Asistimos estos días a bastantes proclamas altisonantes en las que se asegura que la violencia de género no existe. Los datos oficiales certifican que en los últimos diez años han sido condenados por este delito cerca de trescientos mil hombres, pero estos agresores no existen, ni tampoco sus víctimas. No existen las más de 1.200 asesinadas por crímenes machistas desde 2003. En las últimas dos décadas he tomado declaración como juez de instrucción a centenares de mujeres golpeadas, vejadas o amenazadas, pero estas tampoco existen.

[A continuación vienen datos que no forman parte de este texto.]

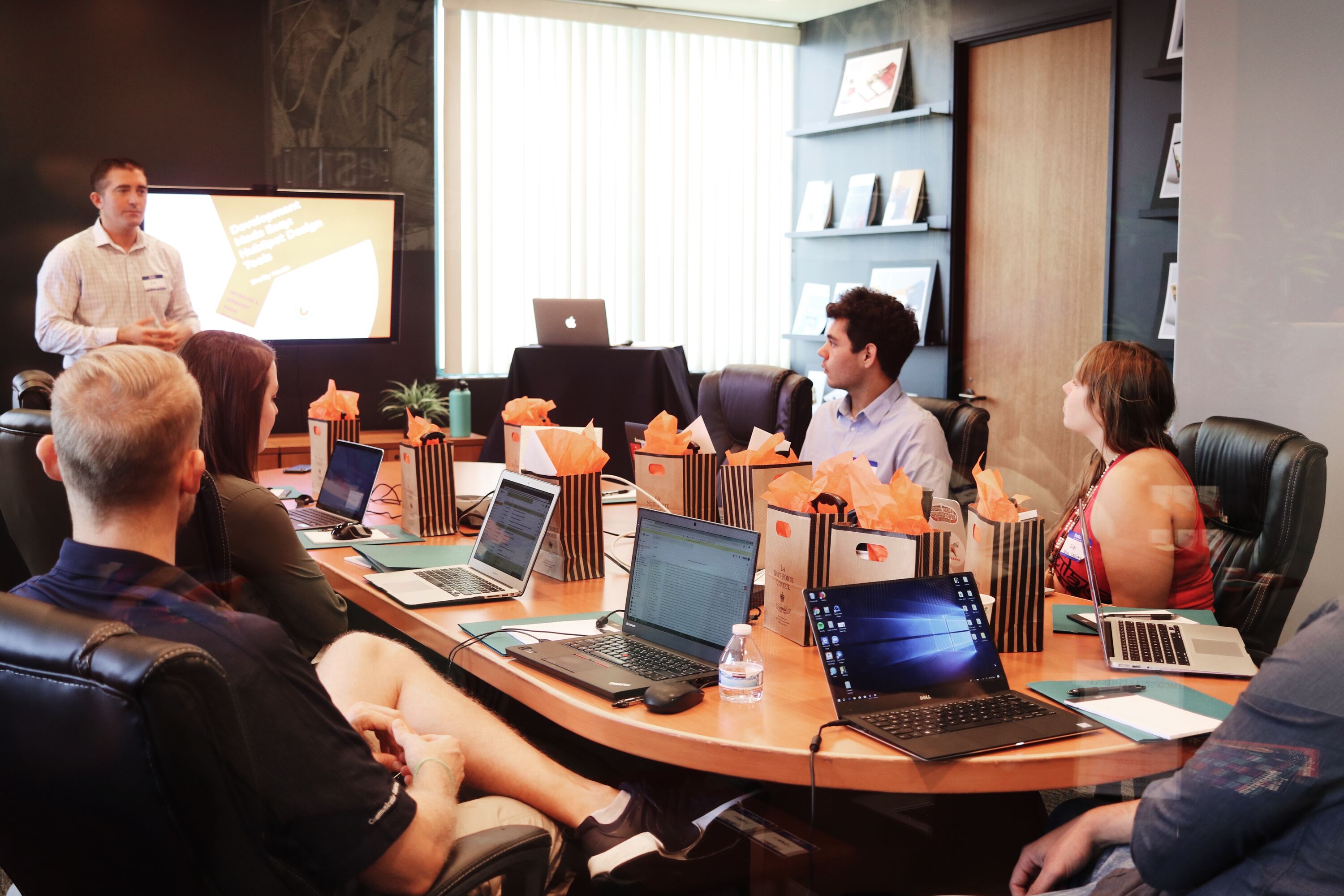 man standing in front of people sitting beside table with laptop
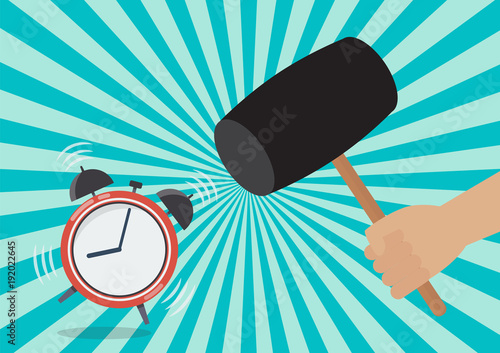 Hand handle a hammer to destroy the alarm clock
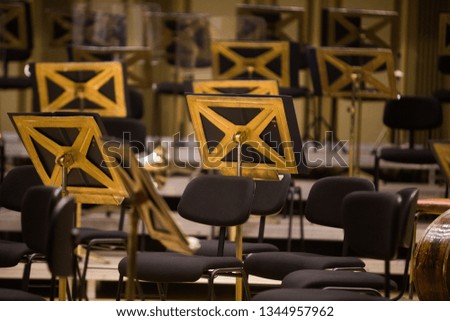 Color image of some orchestra empty seats on a stage.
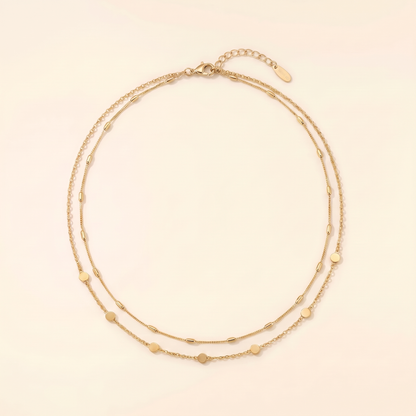 A delicate double-strand gold chain necklace with small, evenly spaced heart-shaped and oval beads, displayed on a warm cream background.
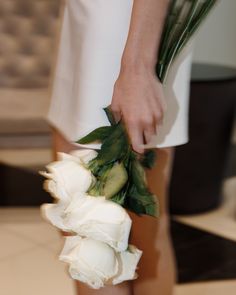 a close up of a person holding flowers in one hand and an object in the other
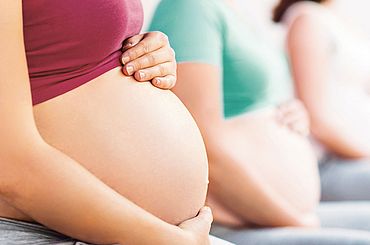 Frauen berühren ihren Schwangerschaftsbauch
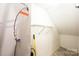 A small unfinished room has storage shelves and utility box at 709 21St Ne Ave, Hickory, NC 28601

Quizás debería dar credibilidad completa a estas arengas negacionistas y no a lo que he visto con mis propios ojos. Quizás deberíamos hacer caso a quienes sostienen sin despeinarse que la violencia machista es una leyenda urbana inventada por hordas de feminazis o por la masonería internacional. Quizás deberíamos ignorar los registros públicos que desvelan que en la violencia en la pareja el 95% de los condenados son hombres y que en la violencia sexual casi el 100% de los agresores son varones. O tal vez sería más apropiado concluir que hay que ser muy machista para ignorar todos esos datos objetivos, para ser insensible ante tanto sufrimiento y para negar una asimetría estructural tan discriminatoria.

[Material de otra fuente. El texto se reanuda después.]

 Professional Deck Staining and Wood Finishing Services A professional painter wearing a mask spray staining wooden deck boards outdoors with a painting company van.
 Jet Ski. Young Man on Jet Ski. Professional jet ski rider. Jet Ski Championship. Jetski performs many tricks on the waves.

Algunas voces pretenden derivar la controversia al ámbito terminológico. Afirman con cierta simplicidad que las agresiones contra las mujeres son una forma de violencia familiar, idéntica a las restantes, por lo que debe regularse del mismo modo. Por ello, propugnan suprimir el concepto de violencia de género. Sin embargo, estas conductas delictivas no son equiparables, como lo demuestra la realidad social y su propia naturaleza. Si partimos del total de delitos cometidos en la esfera familiar, la violencia de género contra las mujeres representa el 83%. El resto de las infracciones (agresiones de padres a hijos, de hermanos entre sí o de esposas contra maridos, entre otras) supone solo el 17%.

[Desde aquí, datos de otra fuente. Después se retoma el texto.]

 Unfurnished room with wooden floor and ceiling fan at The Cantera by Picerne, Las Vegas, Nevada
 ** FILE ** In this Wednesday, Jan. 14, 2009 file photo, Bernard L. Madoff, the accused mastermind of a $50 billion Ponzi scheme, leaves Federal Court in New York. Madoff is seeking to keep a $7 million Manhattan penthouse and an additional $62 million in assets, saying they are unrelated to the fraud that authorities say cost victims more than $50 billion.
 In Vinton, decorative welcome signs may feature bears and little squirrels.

Carece de sentido que el porcentaje mucho mayor de la violencia de género desaparezca como categoría para quedar diluido en el minoritario porcentaje de la violencia familiar. Así solo se lograría invisibilizar la violencia contra las mujeres, para que no se hable de ella, como ha ocurrido casi siempre a lo largo de la historia. Al contrario, cualquier plan de actuación contra la violencia machista implica visibilizar este grave problema y adoptar medidas específicas.
Además, la violencia machista presenta unas características distintivas propias. Así lo han expresado los más diversos tratados internacionales en la materia, que explican que las mujeres sufren esas agresiones por razón de género. El Convenio de Estambul es el más relevante en el ámbito europeo y señala que el género es la referencia central para entender este tipo de violencia estructural. La noción de sexo se refiere a las diferencias biológicas entre hombres y mujeres. En cambio, el género estaría integrado por “los papeles, comportamientos, actividades y atribuciones socialmente construidos que una sociedad concreta considera propios de mujeres o de hombres”, según el Convenio. Se trata de unos patrones culturales forjados a lo largo de la historia de la humanidad. Según esos roles discriminatorios, hay cosas de hombres, como la caza, el fútbol o el coñac; y hay cosas de mujeres, como fregar, hacer la compra o aceptar que el marido les pegue lo normal.
Formar parte del Convenio de Estambul conlleva aplicar medidas específicas contra la violencia de género, al margen de la que se ejerce entre otros miembros del grupo familiar. Y, precisamente, los países que realizan una gestión más contraria a los derechos de las mujeres son los que desdeñan la realidad de la violencia de género y los que se han opuesto al Convenio de Estambul. Hungría ha rechazado ratificar ese tratado y Turquía se retiró del mismo tras suscribirlo inicialmente. En ambos casos, se puede constatar la presión de sectores religiosos tradicionalistas que siempre han justificado la desigualdad entre mujeres y hombres. En ambos casos, se argumenta que las mujeres no necesitan una protección específica, sino que basta con la legislación en el ámbito familiar.
Se trata de discursos idénticos a los de quienes también afirman aquí que no existen las agresiones machistas. En España se aprobó por unanimidad de todos los partidos en 2004 la Ley Integral contra la Violencia de Género. La protección legal de las mujeres ha gozado de un amplio consenso social en estos años. Cuestionar esas medidas específicas sería un grave retroceso. Los negacionistas califican como dictadura feminista o ideología de género a lo que simplemente es el contenido de los tratados internacionales suscritos por España, en la línea de las democracias avanzadas. Esconder la violencia machista bajo la alfombra nos llevaría a la situación de Hungría y Turquía.